(Beginning of Source records)

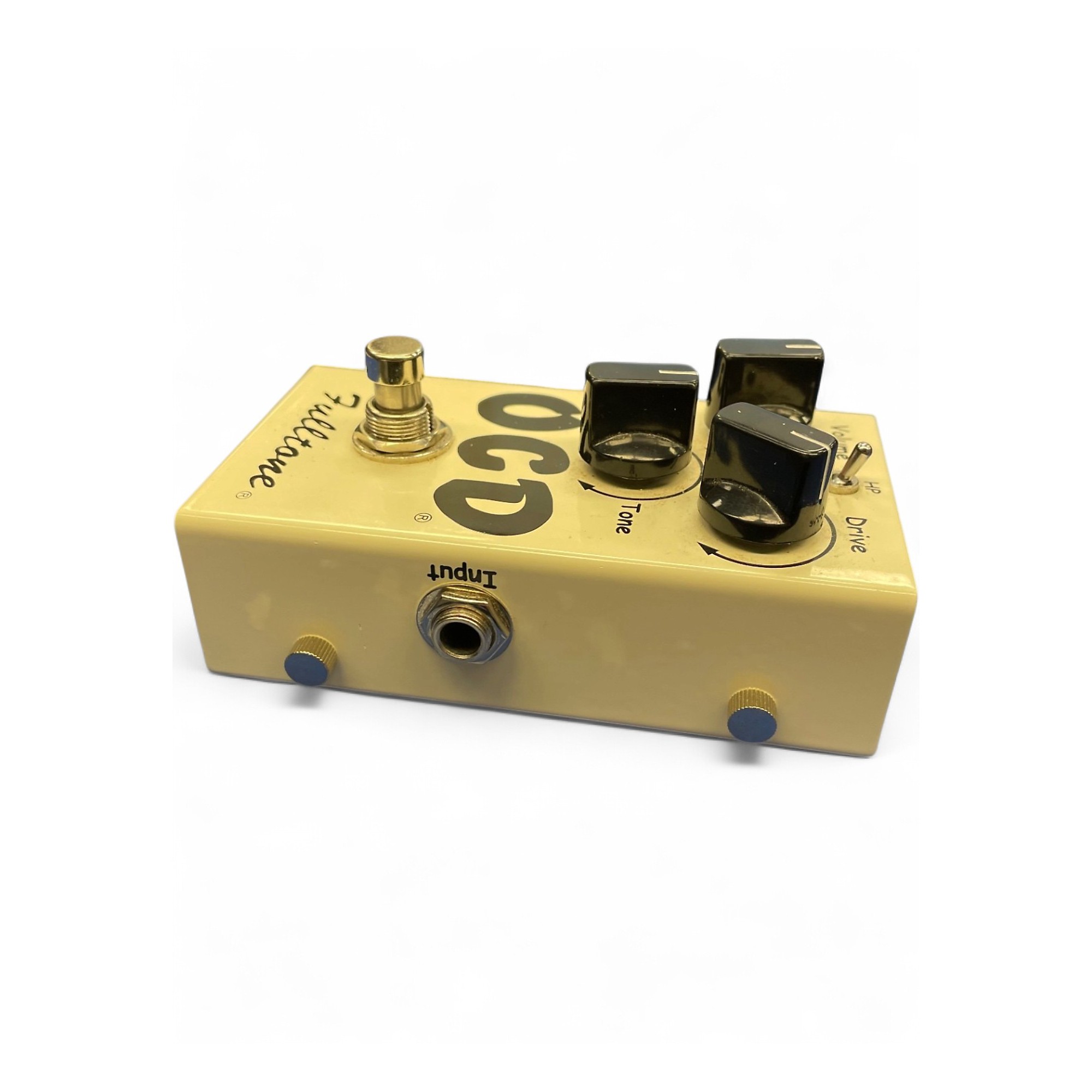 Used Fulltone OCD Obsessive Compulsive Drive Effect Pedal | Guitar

(End of Source records)
(Beginning of Source records)

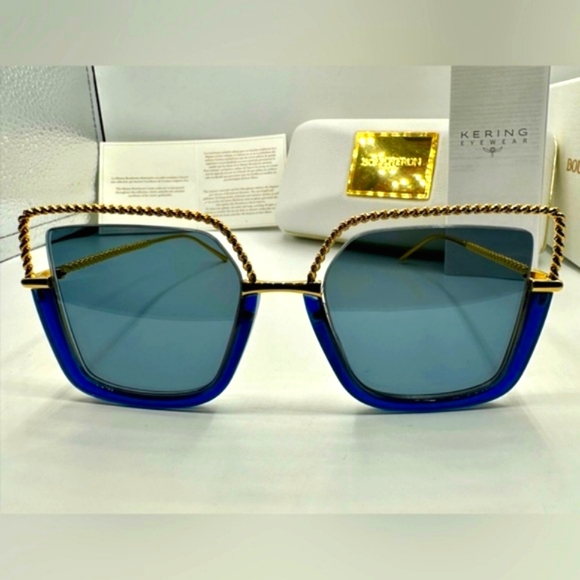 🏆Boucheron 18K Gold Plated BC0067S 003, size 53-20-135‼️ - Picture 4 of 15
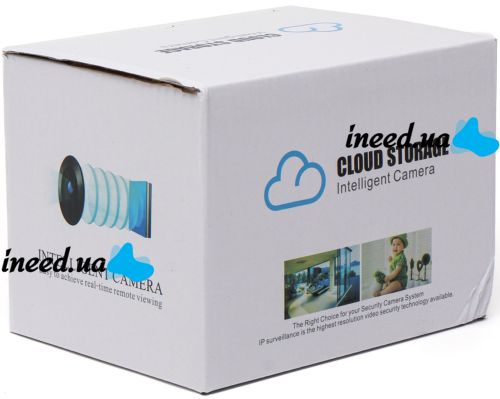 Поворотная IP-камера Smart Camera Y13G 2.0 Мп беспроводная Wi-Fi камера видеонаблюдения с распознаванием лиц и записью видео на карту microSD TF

(End of Source records)

Work item – Within the listing above, extract exactly the lines that run from the one containing "Picture 4 of 15" through the one containing "Поворотная IP-камера Smart", excluding any pictures.

Exercise result –
 🏆Boucheron 18K Gold Plated BC0067S 003, size 53-20-135‼️ - Picture 4 of 15
 Поворотная IP-камера Smart Camera Y13G 2.0 Мп беспроводная Wi-Fi камера видеонаблюдения с распознаванием лиц и записью видео на карту microSD TF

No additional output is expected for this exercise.